Bidders are not expected to go to such lengths in their pre-bid site investigations, nor are they expected to assume a less favorable condition than reflected by the soil borings and then to speculate as to how much worse it would be. That would reintroduce the gamble of windfalls and disasters that differing site conditions clauses are intended to alleviate, forcing contractors to revert to the practice of increasing their bids to cover such contingencies. The Board concluded, therefore, that the contractor was justified in relying upon the indications in the soil boring concerning very soft to medium clay.
The Corps also argued that the contractor’s planned method of operation, its selection of allegedly undersized equipment, and allegedly high amounts of downtime for maintenance and repair substantially contributed to lost productivity during the clay dredging. However, the evidence submitted by the contractor, including detailed contemporaneous field logs concerning reasons for downtime, persuaded the Board to reject each of these arguments.
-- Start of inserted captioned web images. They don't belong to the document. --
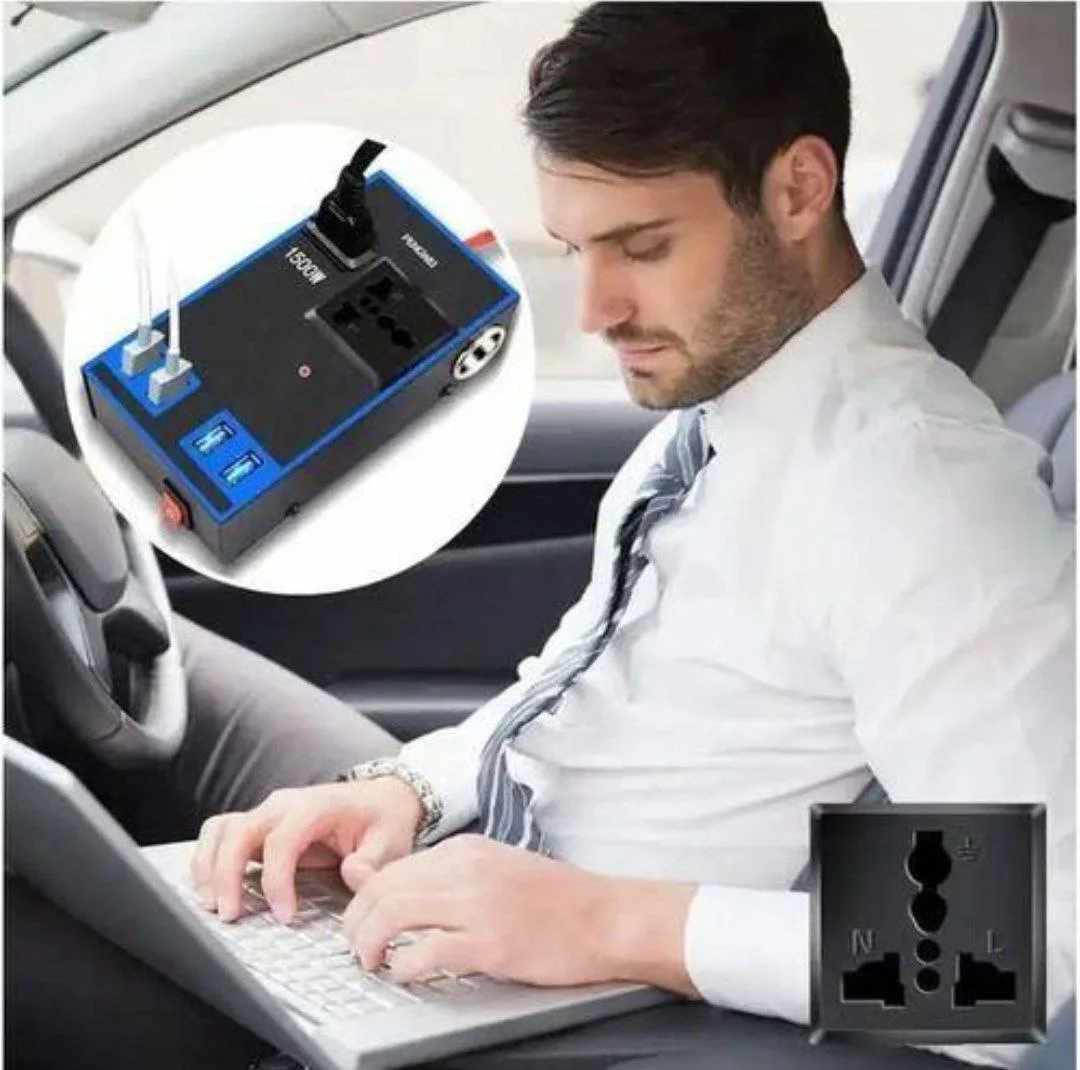 ⚡🚗 محول كهرباء السيارة 12V/24V إلى 220V – طاقتك في أي مكان! 🚗⚡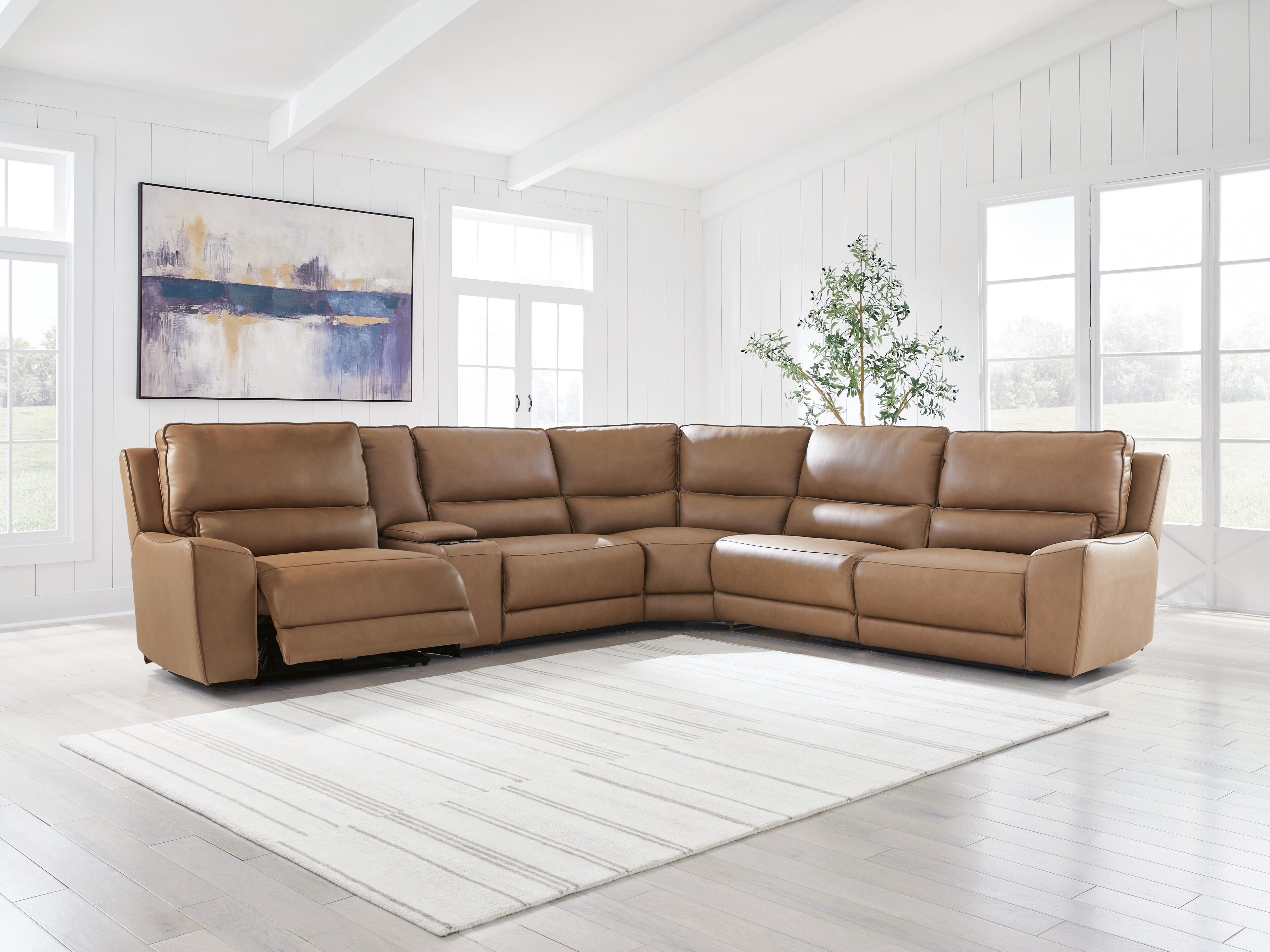 DeepWakes Reclining Sectional with Storage Console - Ideal Furniture (Fresno,CA) 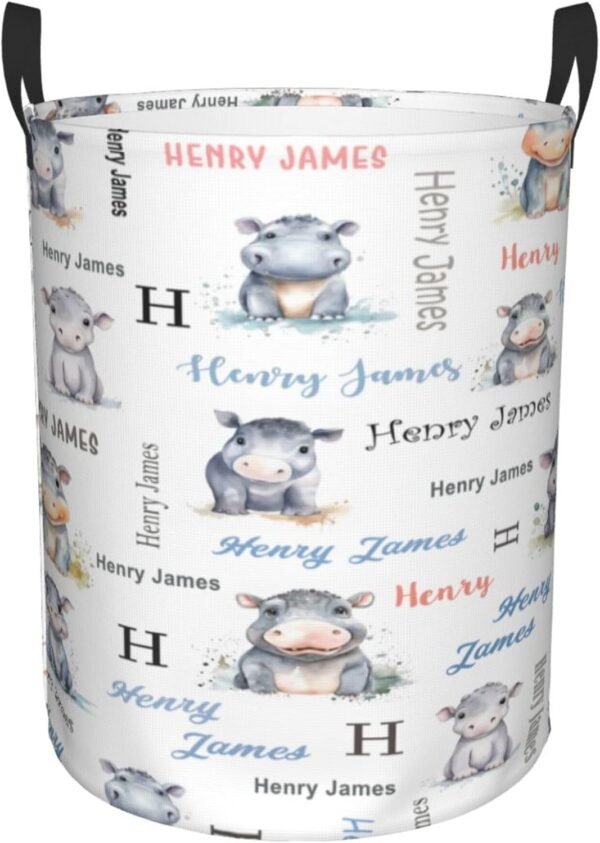 Hippo Baby Hamper for Nursery Girl Personalized Baby Hamper Boy with Name Round Bin with Handles Kids Collapsible Storage Organizer Basket Custom Nursery Hampers Home Decor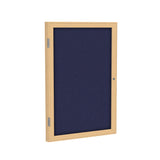 Ghent 1 Door Enclosed Fabric Bulletin Boards w/ Oak Wood Frame, 3'H x 3'W, Blue_1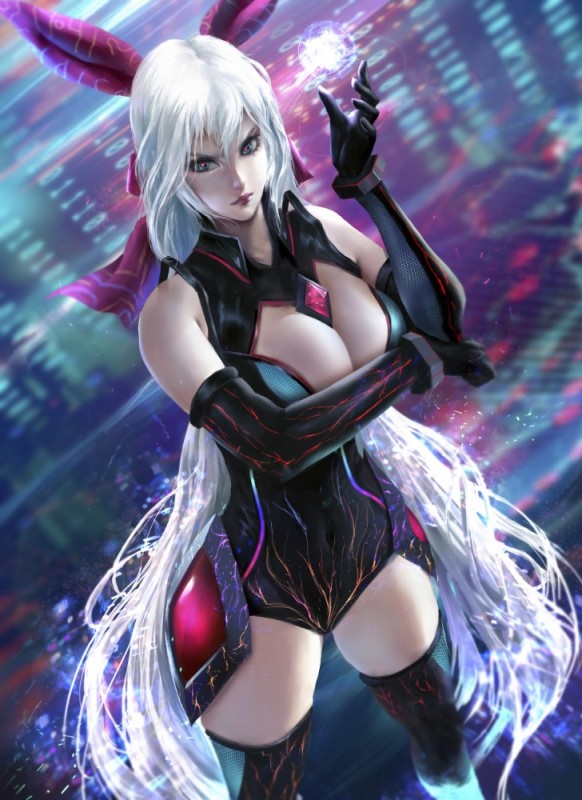 Create meme: Aranea highwind, cyberpunk girl, anime art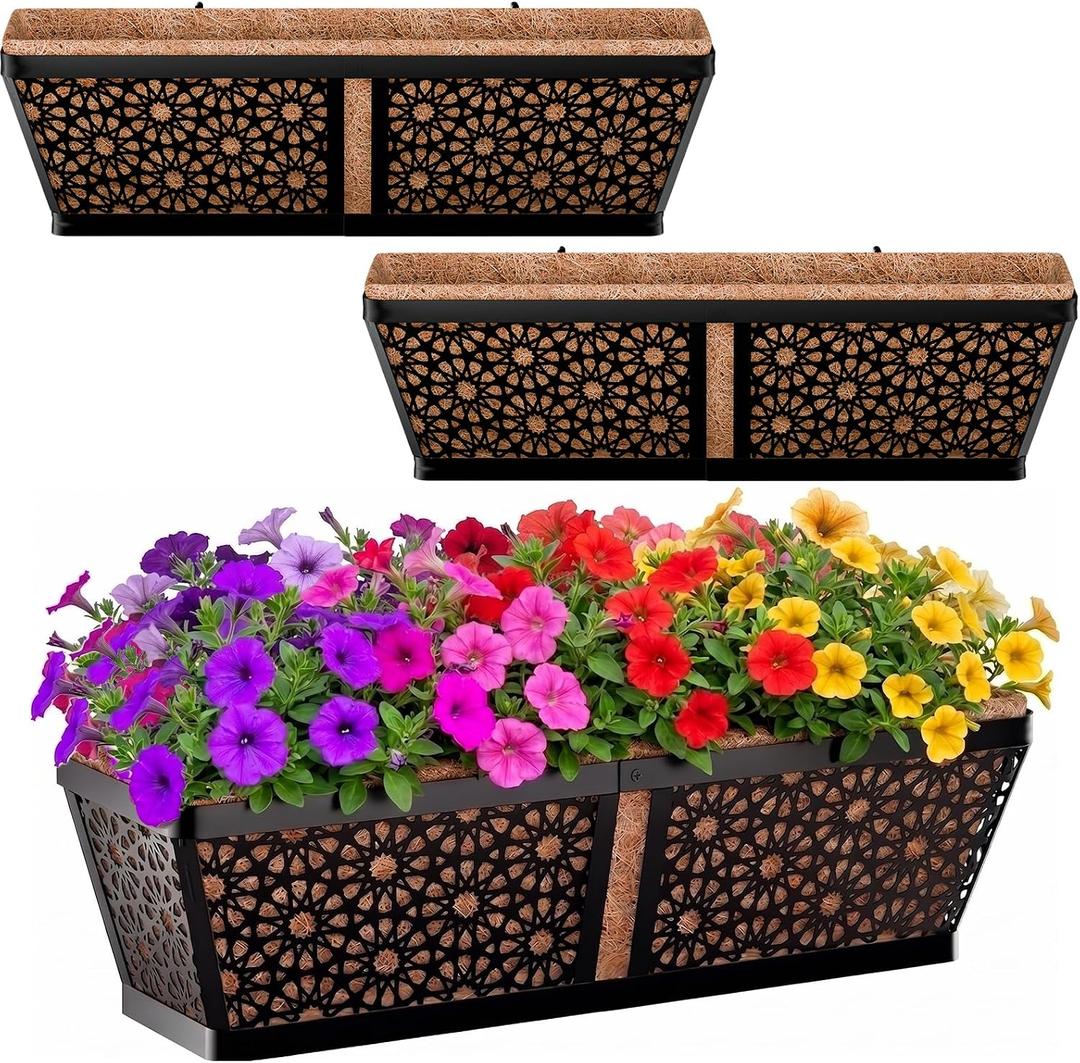 ZeeDix 3 Pack Metal Window Box for Railings, 24 Inch Over Railing Planter Boxes with Coco Liners, Hanging Flower Box Planters for Outdoor Fence Deck Porch Balcony & Patio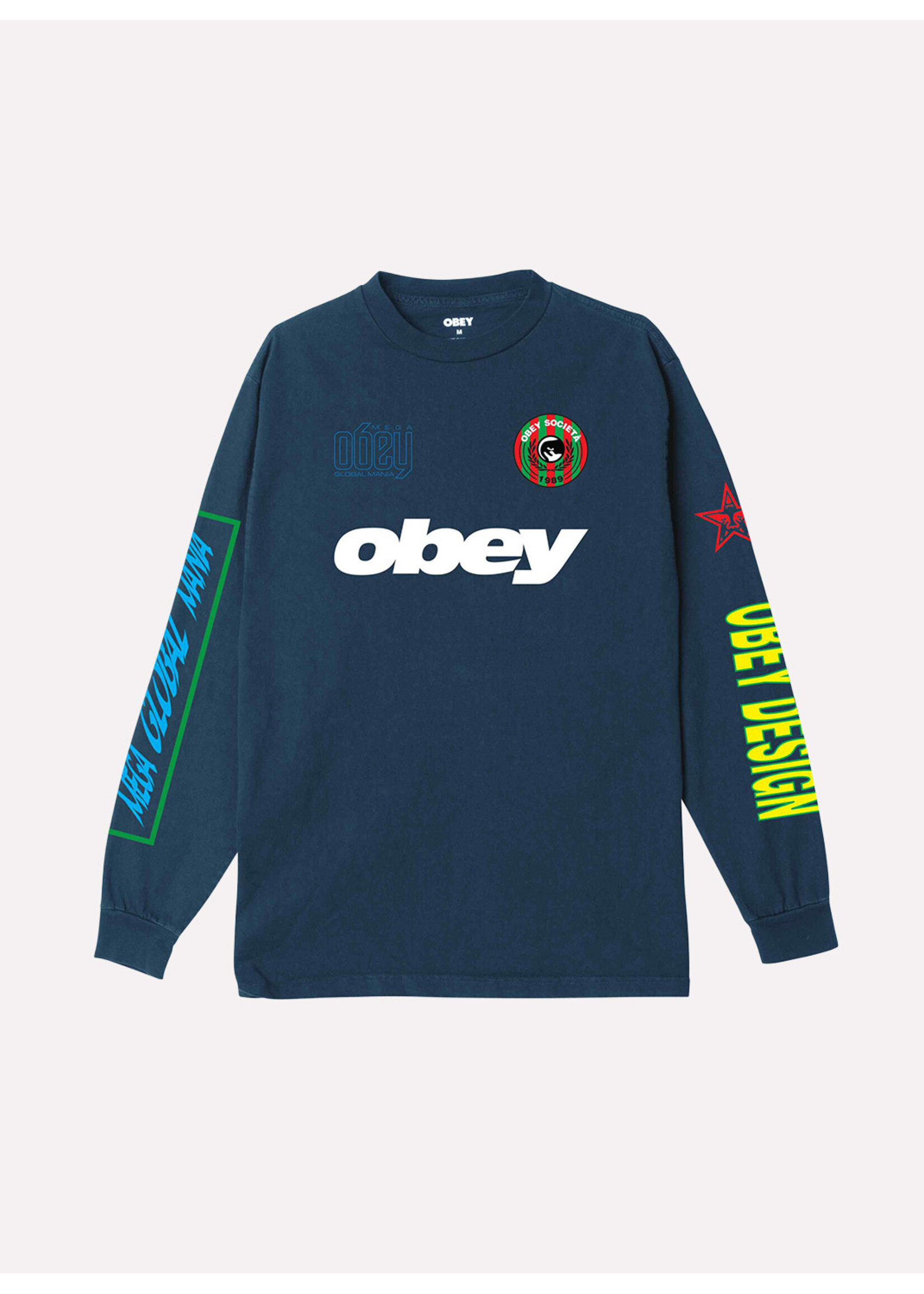 Obey Obey Mega Global Mania Longsleeve Pigment Dark Denim 168004211-DDEN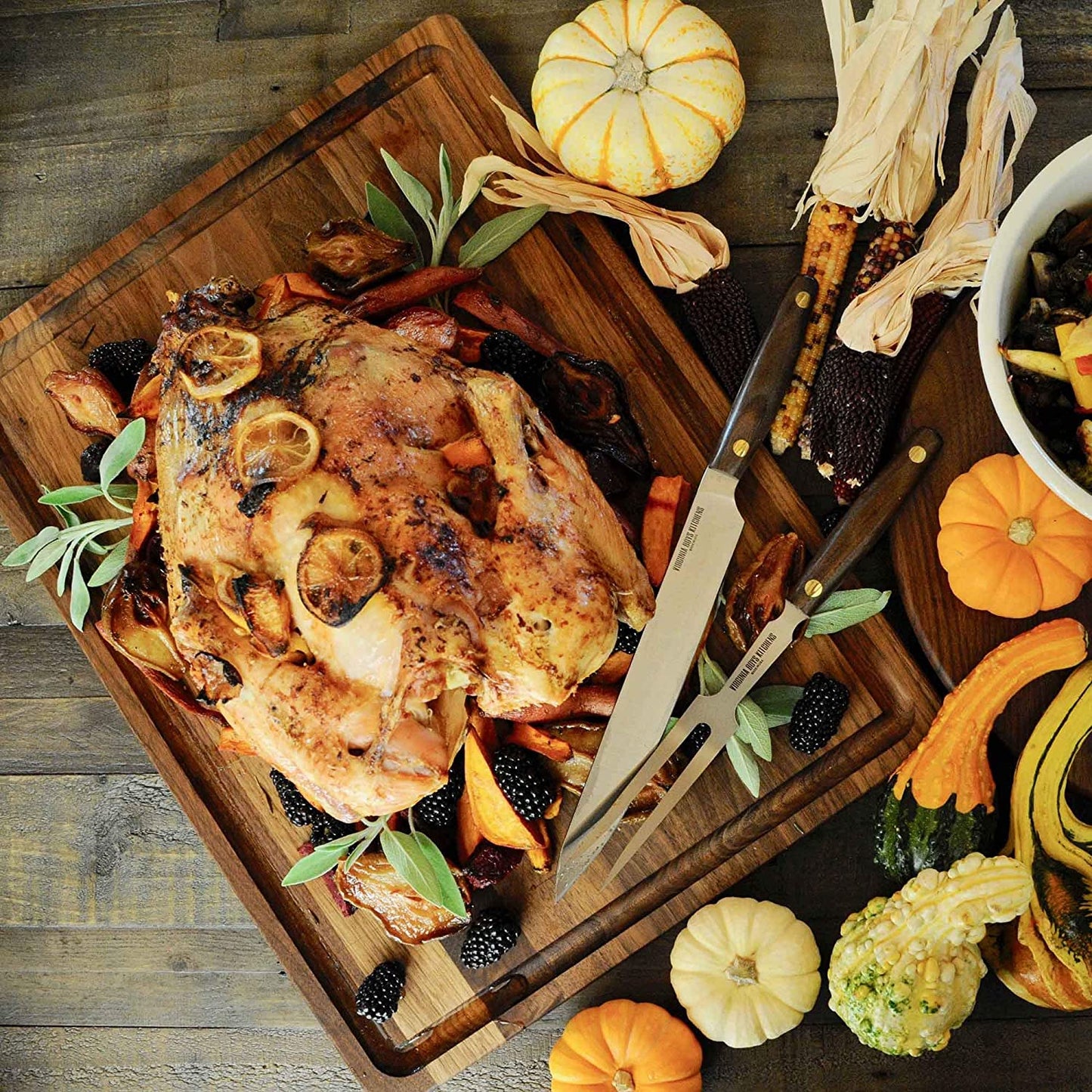 Virginia Boys Kitchens Save $45 - 4pc Bundle - New Home Set - Extra Large board + Chef Knife + Cheese Board + Pizza Board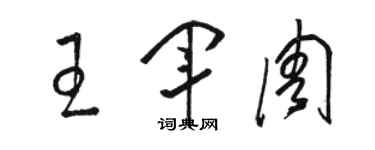 駱恆光王軍周草書個性簽名怎么寫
Finally, the Corps argued that the contractor failed to give timely notice of the stiff clay, thereby depriving the Corps of the opportunity to propose remedial actions that would have minimized the impact of the stiff clay. The contractor, however, established through a series of field records and letters that it had orally informed the Corps as soon as it encountered stiff clay and that it had given written notice as soon as it reasonably believed the stiff clay was affecting its productivity. Moreover, the actions the Corps claimed it would have recommended were essentially identical to the remedial actions the contractor had taken on its own accord.
After struggling to overcome the difficulties the debris and stiff clay caused to its dredging operations on the project, and after five years of litigation against the Corps, the contractor finally received a well-deserved seven figure sum in compensation for its two differing site conditions claims. In addition, the Corps was required to pay the contractor’s legal expenses. Ultimately, the contractor was made whole.
Still, given the choice, one might ask whether it would have been preferable to have been spared the ordeal. The problem, however, is that encountering a differing site condition is never a matter of choice. It is something that is thrust upon you without warning. And, when that happens, the only safe course of action is to give prompt notice of the differing site condition, take corrective steps to minimize its impact, and carefully document any impact that can not be avoided so that, like the dredging contractor, you too can be made whole.
[1] Out of a sense of propriety, the contractor has requested anonymity.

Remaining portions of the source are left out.